So, it's similar to AppUpdate in Debian, for example. That's roughly the same kind of tool. But it's implemented by fetching code directly from the Git repo of the project. And, you know, as you can imagine, you have to think about the implications of this, right?
We're delivering code directly on users' computers, so we'd better be sure they're actually getting, you know, the real code coming from the Geeks project and not something different. For example, if the server that hosts the Git repo is attacked,
well, we'd rather have some mechanism to detect that, you know, to make sure that users are not going to download, to clone a Git repo that contains malicious code, right? So, we need something here. And, you know, we thought about this for quite a long time, actually. And the typical answer to this question is the update framework, tough.
I don't know if you've heard about it. It's sort of the reference for all things update in general. So, it's a specification with implementations in different languages and in different frameworks, like for Python packaging, for Debian, I think, different things. But there's one thing.
It's not quite a good fit for our case. Our case is we're just pulling from a Git repo in the end. The update framework is more about distributions that look like Debian or Fedor where you have binaries on the server and, you know, people are actually downloading those binaries and those binaries are built by machines or developers, blah, blah.
It's a different setup. So, to illustrate that, let me show a bit what the workflow looks like in Geeks. So, here we have what Geeks packagers do. So, as a packager, well, you define packages.

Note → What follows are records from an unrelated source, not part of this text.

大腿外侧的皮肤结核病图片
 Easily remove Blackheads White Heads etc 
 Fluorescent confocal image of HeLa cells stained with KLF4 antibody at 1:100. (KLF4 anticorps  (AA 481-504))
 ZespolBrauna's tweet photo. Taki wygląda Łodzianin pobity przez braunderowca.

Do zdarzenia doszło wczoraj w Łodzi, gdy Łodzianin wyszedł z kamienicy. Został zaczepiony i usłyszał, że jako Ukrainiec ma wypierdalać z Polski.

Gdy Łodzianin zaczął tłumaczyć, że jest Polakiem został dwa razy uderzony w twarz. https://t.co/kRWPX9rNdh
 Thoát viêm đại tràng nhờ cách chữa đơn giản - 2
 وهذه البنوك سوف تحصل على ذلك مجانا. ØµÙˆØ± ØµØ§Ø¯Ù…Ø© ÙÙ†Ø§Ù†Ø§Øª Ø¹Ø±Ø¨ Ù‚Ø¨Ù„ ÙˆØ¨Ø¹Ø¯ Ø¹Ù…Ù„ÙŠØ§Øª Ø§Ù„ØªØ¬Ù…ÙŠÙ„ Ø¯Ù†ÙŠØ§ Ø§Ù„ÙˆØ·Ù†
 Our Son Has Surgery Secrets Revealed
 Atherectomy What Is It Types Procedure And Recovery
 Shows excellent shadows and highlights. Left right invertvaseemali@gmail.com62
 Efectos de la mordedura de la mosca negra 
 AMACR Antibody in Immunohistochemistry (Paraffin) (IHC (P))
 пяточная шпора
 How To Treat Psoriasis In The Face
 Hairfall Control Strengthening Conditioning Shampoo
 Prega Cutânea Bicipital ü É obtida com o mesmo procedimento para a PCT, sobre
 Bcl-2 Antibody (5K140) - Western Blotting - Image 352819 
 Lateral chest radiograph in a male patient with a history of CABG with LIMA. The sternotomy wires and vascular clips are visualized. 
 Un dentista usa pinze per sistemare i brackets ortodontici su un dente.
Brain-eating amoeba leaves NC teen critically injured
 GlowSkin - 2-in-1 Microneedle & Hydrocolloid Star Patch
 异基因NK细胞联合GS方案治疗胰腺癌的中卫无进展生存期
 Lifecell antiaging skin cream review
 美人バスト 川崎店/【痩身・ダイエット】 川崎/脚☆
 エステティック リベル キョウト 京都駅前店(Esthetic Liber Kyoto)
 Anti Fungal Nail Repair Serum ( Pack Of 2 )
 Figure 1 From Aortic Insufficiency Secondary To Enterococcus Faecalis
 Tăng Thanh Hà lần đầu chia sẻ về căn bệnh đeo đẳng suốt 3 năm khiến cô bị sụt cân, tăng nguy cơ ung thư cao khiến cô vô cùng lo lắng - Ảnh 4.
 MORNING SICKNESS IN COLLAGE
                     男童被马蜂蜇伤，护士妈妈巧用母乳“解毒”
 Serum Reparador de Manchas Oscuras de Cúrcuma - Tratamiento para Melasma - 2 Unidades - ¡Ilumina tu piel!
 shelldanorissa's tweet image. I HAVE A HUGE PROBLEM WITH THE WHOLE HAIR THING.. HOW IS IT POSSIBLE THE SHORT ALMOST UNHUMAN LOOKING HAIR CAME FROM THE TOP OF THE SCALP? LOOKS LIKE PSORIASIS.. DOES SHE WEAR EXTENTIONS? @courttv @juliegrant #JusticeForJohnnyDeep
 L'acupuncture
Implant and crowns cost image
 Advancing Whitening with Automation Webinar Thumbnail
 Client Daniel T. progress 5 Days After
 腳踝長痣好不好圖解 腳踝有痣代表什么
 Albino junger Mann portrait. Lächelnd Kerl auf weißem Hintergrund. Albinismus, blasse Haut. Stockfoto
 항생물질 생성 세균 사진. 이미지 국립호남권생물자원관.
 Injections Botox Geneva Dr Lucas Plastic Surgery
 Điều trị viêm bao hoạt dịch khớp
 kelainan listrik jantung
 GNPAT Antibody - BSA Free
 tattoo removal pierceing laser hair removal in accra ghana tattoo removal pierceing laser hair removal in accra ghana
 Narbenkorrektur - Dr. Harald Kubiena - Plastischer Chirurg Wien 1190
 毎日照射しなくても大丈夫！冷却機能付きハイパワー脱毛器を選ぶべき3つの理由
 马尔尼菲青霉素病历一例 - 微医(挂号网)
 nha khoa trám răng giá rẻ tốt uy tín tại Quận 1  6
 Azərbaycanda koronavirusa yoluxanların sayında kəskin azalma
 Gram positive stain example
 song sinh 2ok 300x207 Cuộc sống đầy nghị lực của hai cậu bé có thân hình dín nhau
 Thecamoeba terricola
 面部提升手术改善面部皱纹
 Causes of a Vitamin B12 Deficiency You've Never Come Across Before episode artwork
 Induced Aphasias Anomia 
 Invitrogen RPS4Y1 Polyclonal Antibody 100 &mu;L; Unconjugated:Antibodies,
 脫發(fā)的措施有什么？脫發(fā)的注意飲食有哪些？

So, for example, Python, and that's the kind of definition that I showed you before, right? And then you can test it with Geeks build Python, for example, like we saw. And eventually, if the packager is satisfied with the package, well, they eventually push it to the Git repo. And as a user, at some point, I'm going to run Geeks pool,
which is very similar to Git pool, except it's also going to compile a few things, but roughly that's like Git pool. And so, at that point, I'm getting the new package definition and I can run Geeks install Python and I'm getting that package. That's the idea.
Optionally, like I said, you can get pre-built binaries. I'm not going to go into details about this. This is optional, but this is something you usually want. But, you know, it's not baked in the model, like you would say in Debian or Fedora. It's really something additional, and because we have reproducible builds,
you know, pre-built binaries, it's substitutable, right? The key thing here is that people are going to pull from the Git repo, and we need to make sure that they are getting the right code, the real code. So, we're really looking at these two things where the users are running Geeks pool
or the build farm that builds packages is running Git pool, and how can we actually make sure they get the right code? And this is all about authenticating Git checkout. It's just Git, after all. There's nothing special here. So, with millions of people using Git, you would think that it's a solved problem, right?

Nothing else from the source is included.